Seeker: The Dark Is Rising (2007)

Rated: PG
Length: 94 Minutes
Grade: BBCB=B
Budget: Unknown.
Box Office: $9 million US, $22 million Intl, $6 million DVD

Directed by: David L. Cunningham, whose previous work was The Path to 9./11 and To End All Wars.
Starring: Alexander Ludwig, Christopher Eccleston, Ian McShane, Frances Conroy, James Cosmo, Jim Piddock, and Amelia Warner.

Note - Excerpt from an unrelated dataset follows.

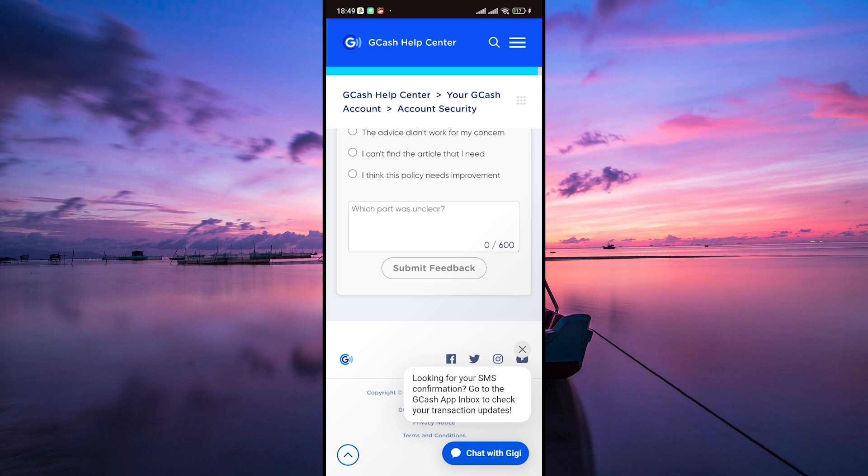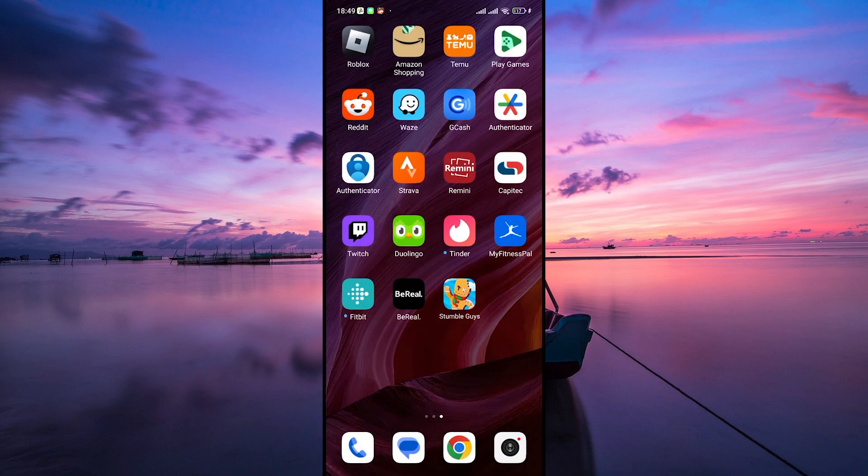And there you have it, you've successfully submitted a ticket in GCash. Now the Support Team will review your concern and get back to you as soon as possible. Thank you for watching. If this video was helpful, please leave a like and subscribe to my channel for more videos like this and click on that notification bell to never miss an update.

In this adaptation of the second book of Susan Cooper’s excellent Dark Is Rising series, Will Stanton begins to have strange experiences at the time of his birthday. He learns that he is a central figure in an epic battle between the powers of light an those of darkness and must battle his own uncertainties and the real dangers to find the ancient signs that will save the world from darkness.

Entertainment Value: B
I read these books in grade school, and loved them. Not quite as much as Lloyd Alexander’s Taran series, but I still loved them. But the movie, though good, was a little flat for me. As so often happens, the richness of the book, where the author can take time and put you into the story, just isn’t easy to bring to screen. Cooper, at 73, was not apparently involved in making the movie, and as critical reviews have noted, the story is significantly different from the book.

Superficial Content: B
Drugs/Alcohol A, Sexuality B, Violence C, Language A, Illegality A
The language is clean, and there is a minor romantic interest between a girl and a boy. But the real issue here will be supernatural scary weird magic stuff. In one scene, a flock of crows attack people a la The Birds, and one character is implied to have been killed. There are several scary battle sequences. I’d call it PG-8 or 9.

Significant Content: C
Good must fight evil, but the outcome is not guaranteed. Good and evil are both real forces, which makes this a semi-manichean movie rather than a Biblical one, even though it’s made by Christians. The weapons of choice are not natural, but supernatural. The family is large, which I like.

Artistic/Thought Value: B
It definitely had the feel of a Walden Media film, which isn’t a bad thing. Their films have a certain over-colored realism that I recognize immediately from Bridge to Terabithia, Mr. Magorium, and Charlotte’s Web. With the exception of Mr. Magorium, which was never a book, I generally would prefer to see kids read the books Walden makes into movies. They’re good movies, but they’re far better books.

Discussion Questions:
~Are people special because they have massive historical significance and supernatural powers or because they are made in the image of God? Which answer does this movie encourage?
Are the Old Ones like God or angels, or what? Is the worldview here one of a personal God and Satan or more like the Force of Star Wars? Is evil an actual force, or merely the absence of God? Does this movie represent a Biblical worldview in your opinion? Consider the way the dark and light seem very evenly matched and also the lack of a transcendent God governing things.
~This movie advocates the notion of sacred objects and sacred spaces of refuge. Is this a Biblical idea?
~Have you ever been wrong about who was really your friend? Have you ever been betrayed by someone you trusted? Have you ever felt the need to cover up a mistake you’ve made which then led you into deeper trouble?
~The Rider offers eternal beauty as a reward for helping him, think of some ways in which this offer is made to women in America in 2008. Who is the Rider, then?
Overall Grade: B
I found it enjoyable and action-filled. Certainly medium aged children will enjoy it as well. It may sound like a Harry Potter knock-off, but since the books predate Rowling by over 30 years, the likely truth is the other way around.